**Supplied material:**
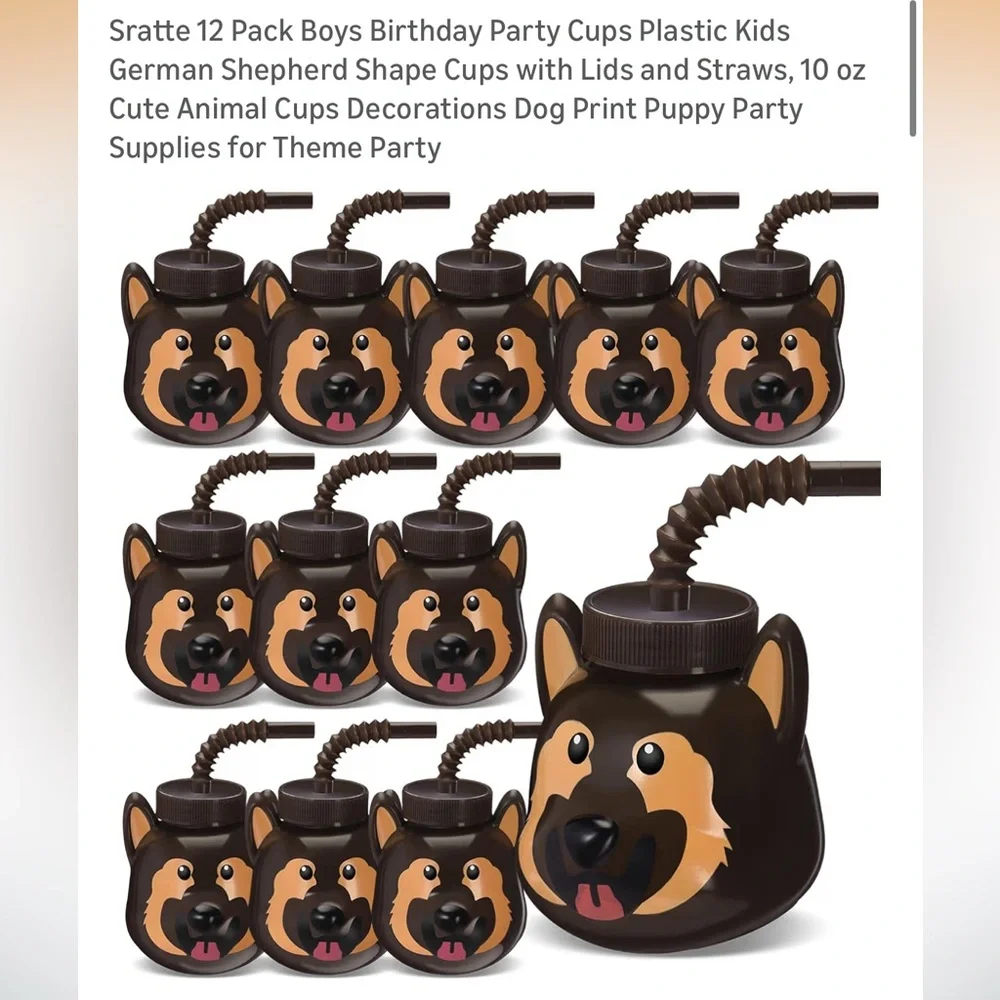 BUNDLE:GermanShepherd themed party(Cups,plates,decorations,Banner&Wrappingpaper)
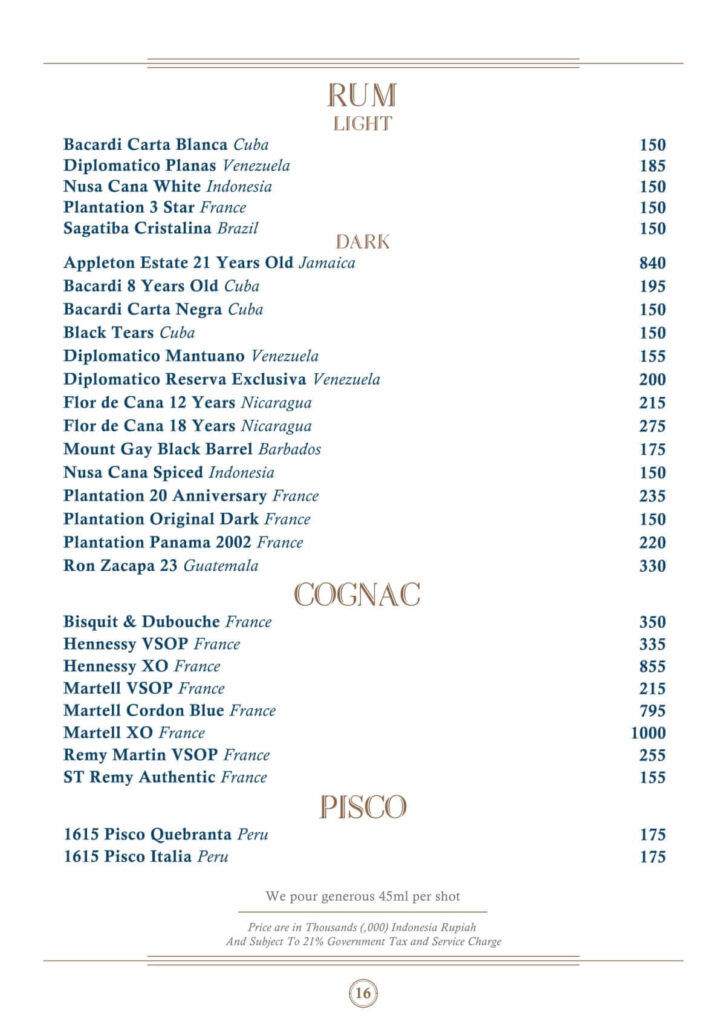 nautilus bar jakarta menu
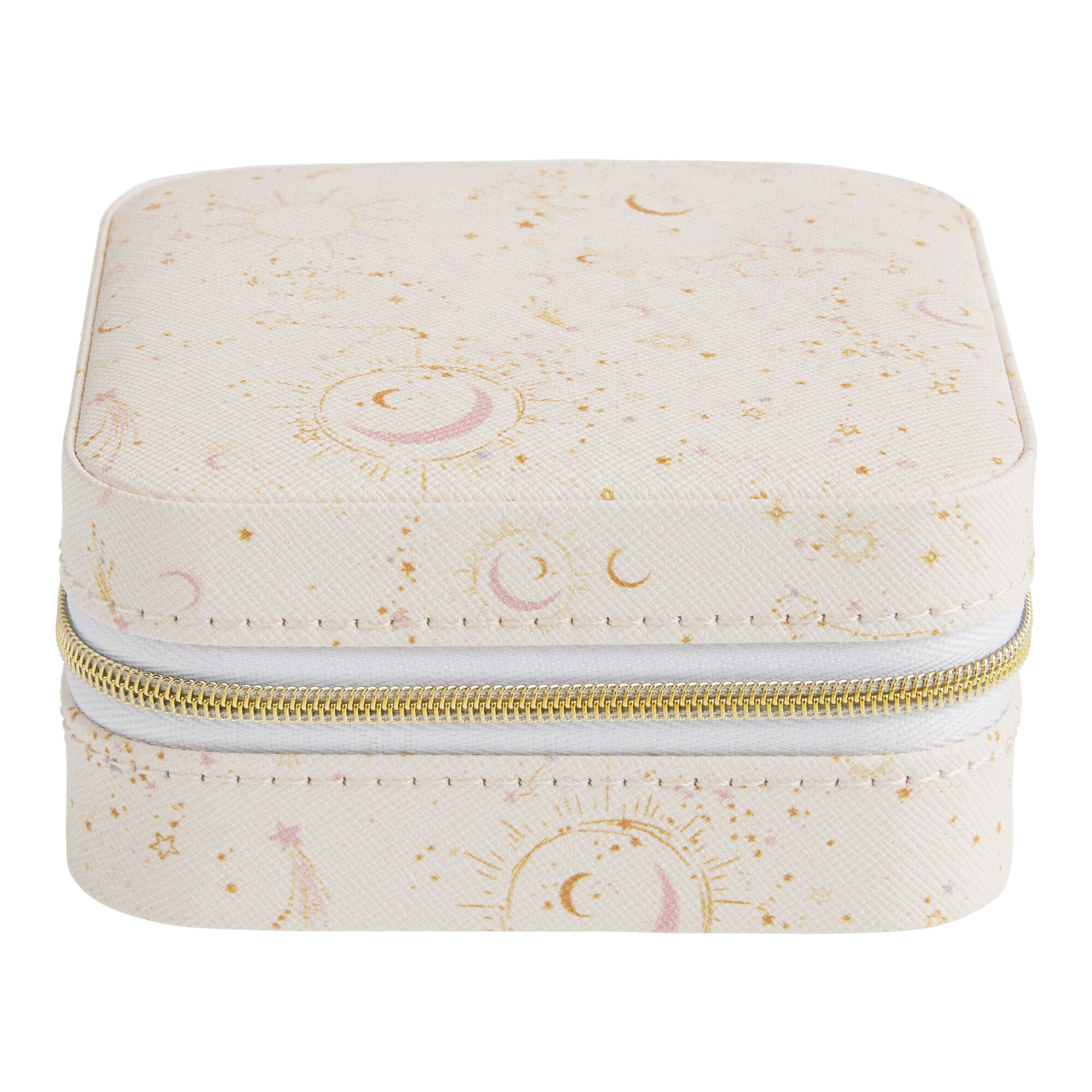 Ivory And Gold Faux Leather Celestial Travel Jewelry Box - World Market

**Assignment:** All of the data above is to be repeated exactly, with the pictures left out.

**Output for this task:**
 BUNDLE:GermanShepherd themed party(Cups,plates,decorations,Banner&Wrappingpaper)
 nautilus bar jakarta menu
 Ivory And Gold Faux Leather Celestial Travel Jewelry Box - World Market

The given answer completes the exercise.